Yesterday, the Supreme Court of New South Wales handed down its preliminary judgment in Dylan Voller’s defamation claim against Fairfax Media, Nationwide News and Sky News and it is a sign that the walls are finally closing in on media outlets regarding comments posted in reply to articles placed on the social media platforms.

Mr. Voller, the former Northern Territory youth detainee at the now notorious Don Dale Detention Centre, commenced action against the media giants as a result of comments left on the Facebook pages of the Sydney Morning Herald, the Australian, Sky News, The Bolt Report and the Centralian Advocate between July 2016 and June 2017.

The Court was being asked to consider whether, by allowing social media comments by third party-users to be placed on the outlet’s Facebook pages in response to articles, the element of “publication” in a claim of defamation was established. The answer by the Court was in the affirmative – that media organisations are liable for the postings that are made in the “comments section”, despite not being the author of those comments.

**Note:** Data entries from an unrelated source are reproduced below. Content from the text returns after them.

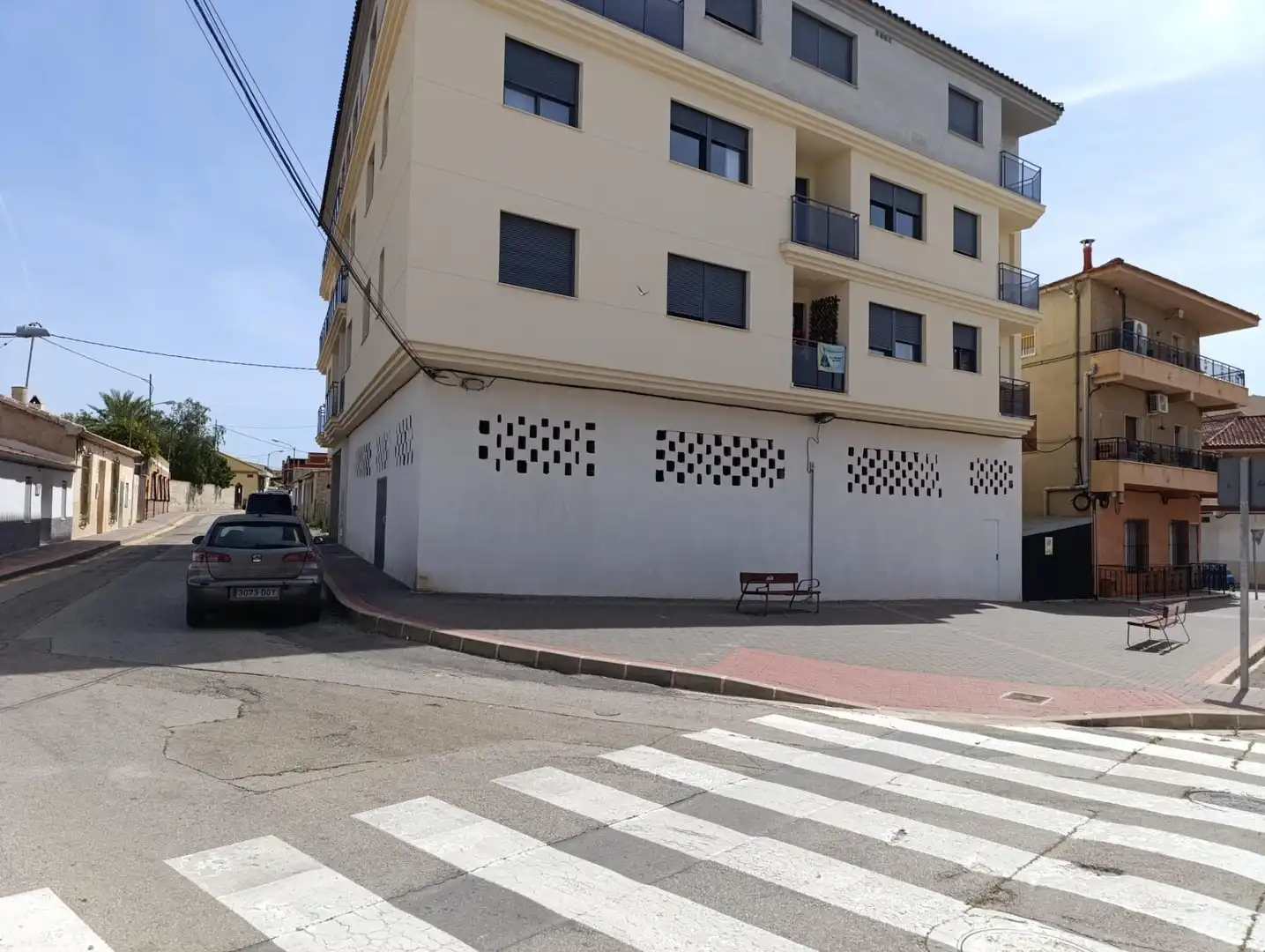 Local comercial en venta en Calle Rocío 2, imagen 2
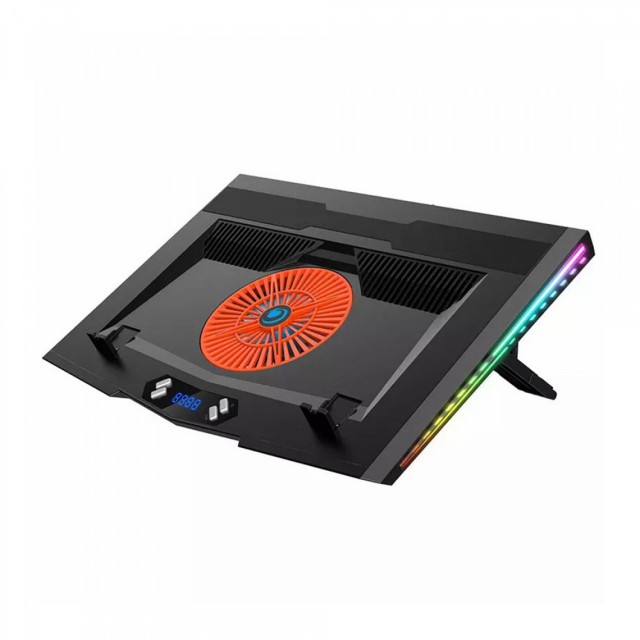 پایه خنک کننده  لپ تاپ کول کلد مدل Coolcold K45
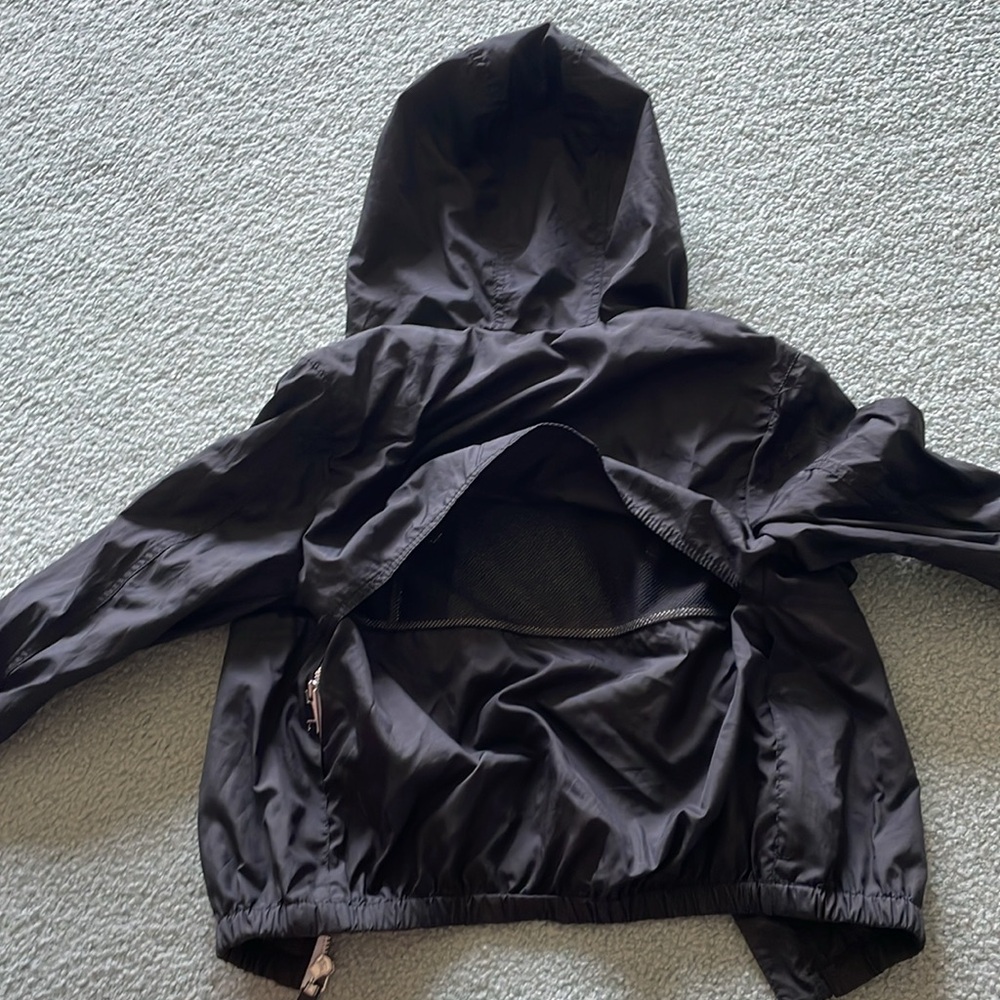 BURBEREY boy’s jacket 4Y - Picture 8 of 8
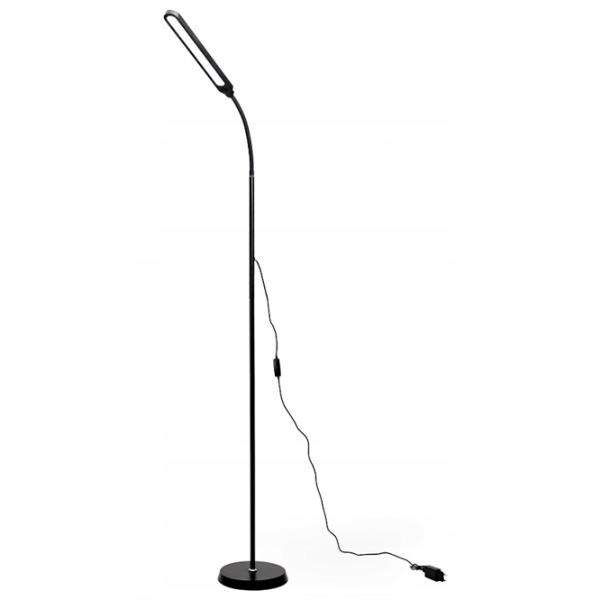 Lampă Platinet PFL22 Black photo 8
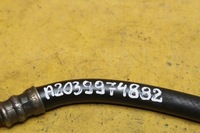 фото thumb №7, Шланг усилителя a2039974882 w203 2.2 cdi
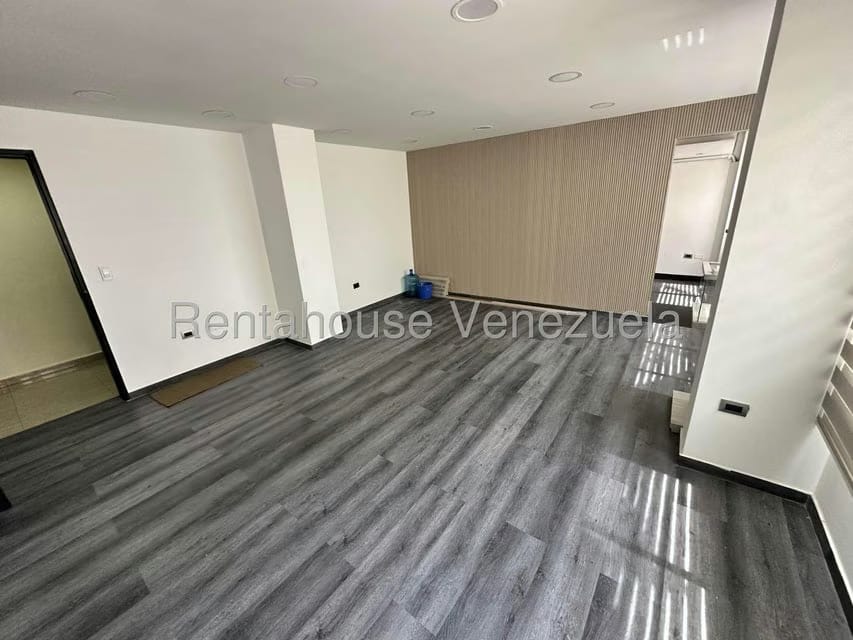 Comercial (Oficina) en Alquiler en Chacao, Distrito Metropolitano - 6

The media has, for a long time now, been held accountable for the publication of defamatory content within its articles, whether it be contained within their hard copy newspapers or on their websites. The law is well established that even if a person or organisation is not the author of defamatory statements, the media can find themselves responsible for the damages caused by such statements as a result of publishing them. However, for the first time in Australia, a Court was required to consider the particular instance of comments made in response to articles on the Facebook pages of media organisations.

The Court conceded that this was indeed an emerging area of law and that no defamation cases in Australia have dealt with comments on public Facebook pages. However, it believed that there is now enough precedent extracted from recent cases in Australia and throughout the world for it to find that the the media organisations are no longer a “mere conduit” of the comments.

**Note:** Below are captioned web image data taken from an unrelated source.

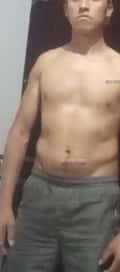 Acompanhante Moreninho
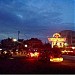 Gapan Junction in Gapan city
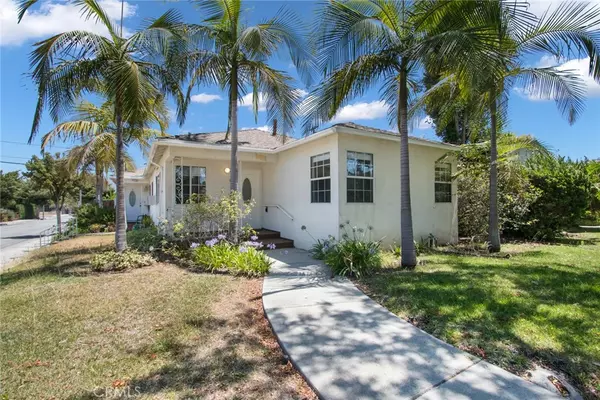 3102 Reid AVE, Culver City, CA 90232
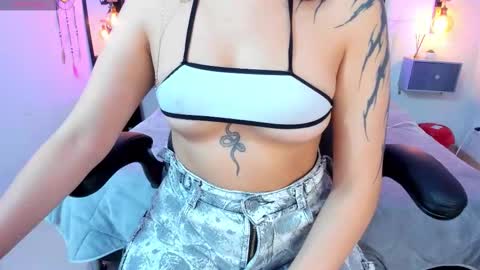 Charlotte online show from 21, 3, 2026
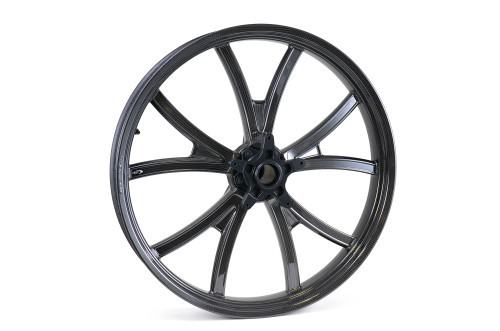 BST Torque TEK 26 x 3.5 Front Wheel - Indian Chief (14-20) / Chieftain (14-20) / Roadmaster (16-20) / Springfield (16-20)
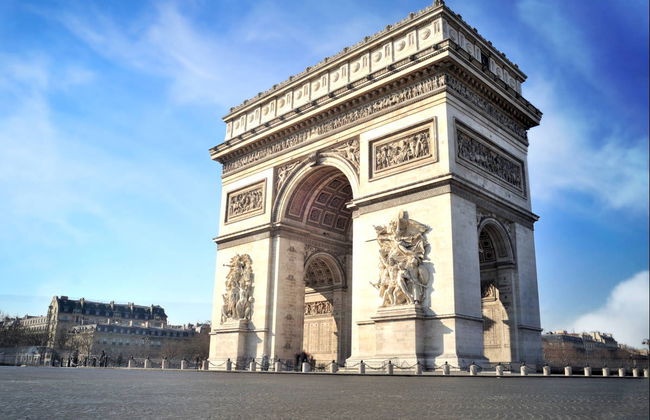 Excursion libre à Paris + Croisière sur la Seine - Photo 2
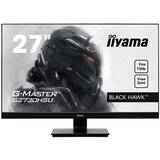 LED Gaming G-Master Hawk G2730HSU 27 inch 1 ms Black FreeSync 75Hz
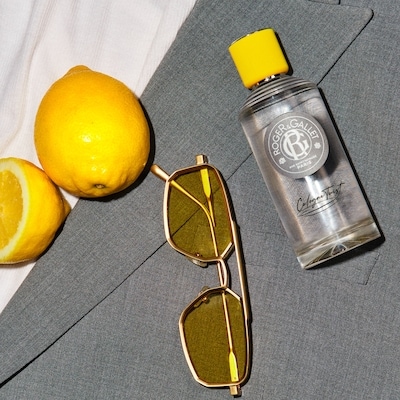 COLOGNE TWIST Eau de Cologne 3
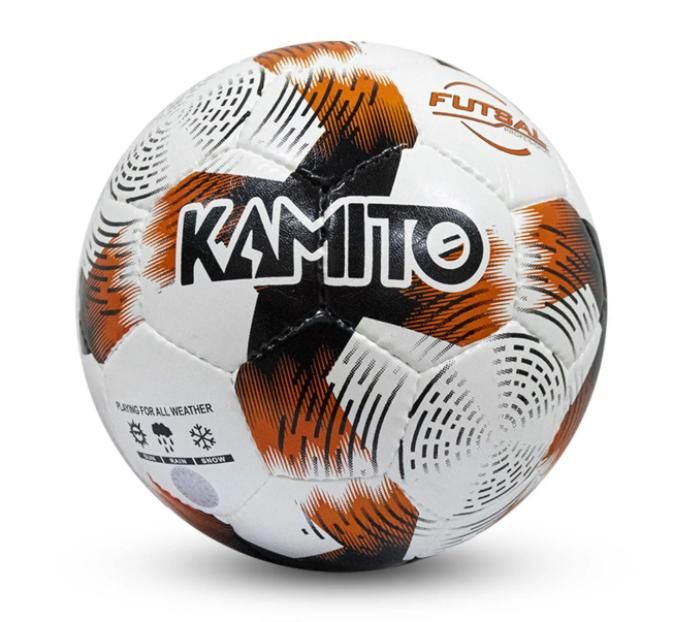 QUẢ BÓNG FUTSAL FS20101 SIZE 4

Media organisation have long relied on the defence of “innocent dissemination”, that the publishing of comments made by third parties on Facebook pages is done unwittingly and without negligence. They argue that, through the complicated algorithms of Facebook, which encourage and elevate to prominence the “most popular” comments on posts, there is no real way of stopping the exposure to online readers of controversial statements made by the third party users. Media organisations also concede that the monitoring of all comments made on their articles each day would require significant resources and effort on their part.

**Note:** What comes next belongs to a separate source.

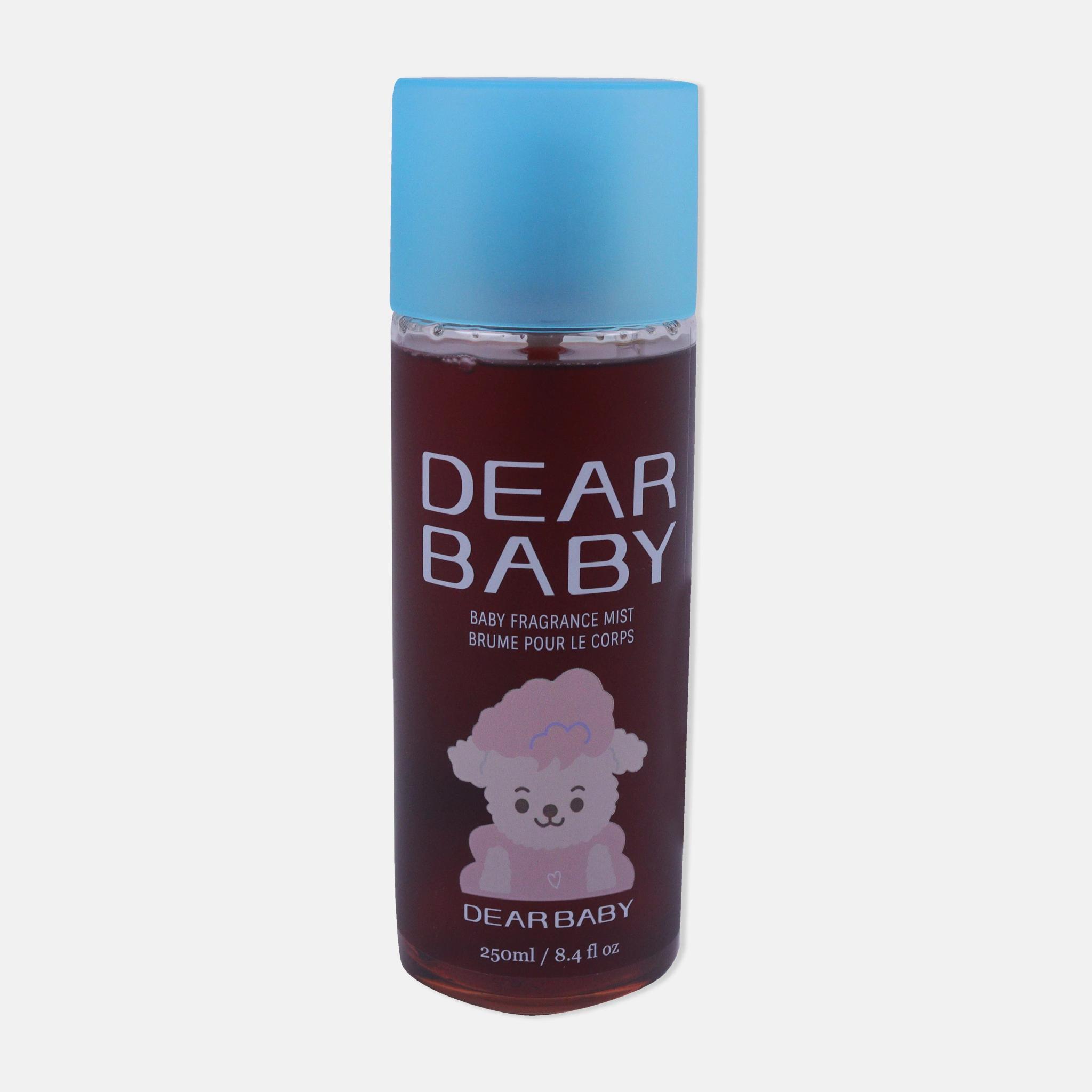 Dear Body بخاخ الجسم الفاخر alternative product image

However, the Court held that it is no longer satisfactory for media organisations to merely sit and attempt to monitor comments where possible, especially where those outlets are of significant size, with significant available resources.

The judgment has, of course, been slammed by media organisations as “ridiculous” and “out of step” with other English-speaking democracies. Some commentators have also stated that this decision goes further than any decision around the world holding intermediaries liable for defamation as publishers. Many are demanding that changes be made to legislation relating to defamation to ensure that this decision does not have the wide ranging effects that many see this will have.

This morning, the “comments section” still exist on the Facebook pages of all of the aforementioned media organizations. However, the real question is, for how long?

The defendants in this matter have indicated that they are reviewing the judgment with a view to an appeal.